Bien que certains députés de l’opposition, notamment ceux du PDS, de Yewwi Askan Wi ainsi que des non-inscrits, aient plaidé pour le respect strict de l’article 97, la majorité mécanique de l’hémicycle a préféré imposer le vote pour le 11 septembre, dit-il.
Cependant, la réalité s'est vite imposée et le projet de motion de censure a été lui-même censuré. Désormais, la date du 13 septembre, fixée par le chef de l’État, est confirmée. Ayib Daffé a d’ailleurs précisé qu’il y aura bel et bien une déclaration de politique générale, comme inscrit dans l’ordre du jour, mettant ainsi fin à cette controverse institutionnelle.
Une crise de confiance entre les institutions
La relation entre l’Exécutif et le Législatif est au cœur de cette affaire. En fixant la date de la DPG au 13 septembre, le président Bassirou Diomaye Faye montre son autorité sur l’agenda politique du pays, malgré les tentatives des parlementaires d’imposer leur propre calendrier. La date initiale du 11 septembre, suggérée par le Parlement, avait été vite repoussée par l'Exécutif, au grand dam de certains députés de l’opposition.
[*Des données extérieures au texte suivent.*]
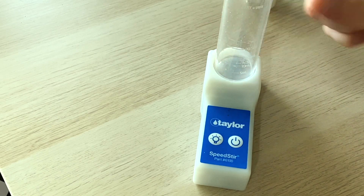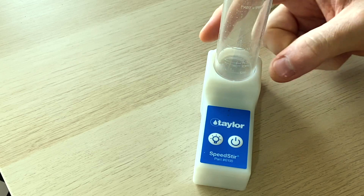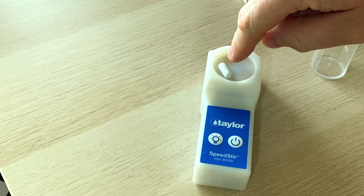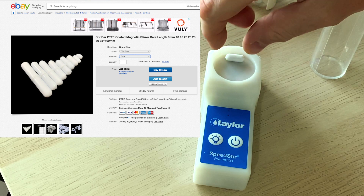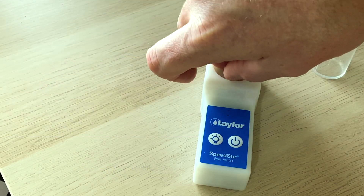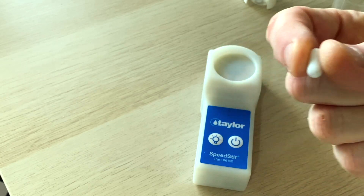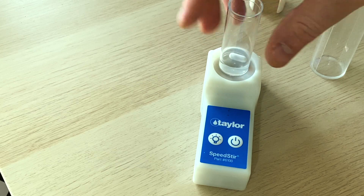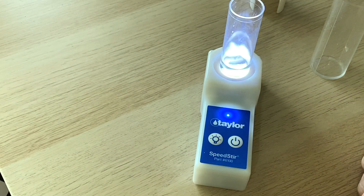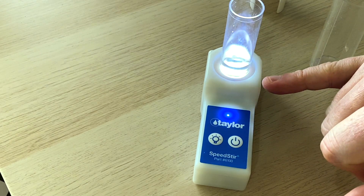When I talk about 'pill' I mean these little magnetic stir bars. The pill that comes with the Taylor Speedster is pretty wide — about a 20mm pill — which is too big for our smaller test tubes. You can buy smaller magnetic stir bars on eBay; I'll find a link in the description. These ones are about five or six millimeters long. They're all PTFE, so they won't absorb any chemicals or tamper with your results. You put your solution in, place it on the stirrer with or without the light.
Le président Diomaye Faye a pris l’initiative de fixer cette date après des échanges entre son cabinet et l’Assemblée nationale. Si cette décision est en phase avec l’article 97 du règlement intérieur de l’Assemblée nationale, elle n’a pas manqué de soulever des questions quant à ses implications politiques. Initialement, les députés avaient proposé que la DPG du Premier ministre Sonko se tienne le 11 septembre, une date symboliquement lourde à cause des rumeurs de dissolution potentielle de l'Assemblée nationale le 12 septembre.
Cependant, le président Faye, en tant que chef de l'État, a prérogative de fixer la date de la DPG et il a choisi de la décaler au 13 septembre, forçant ainsi la main aux députés.
Pour certains observateurs politiques, cette décision n’est pas seulement un acte administratif, mais une démonstration de force du président de la République.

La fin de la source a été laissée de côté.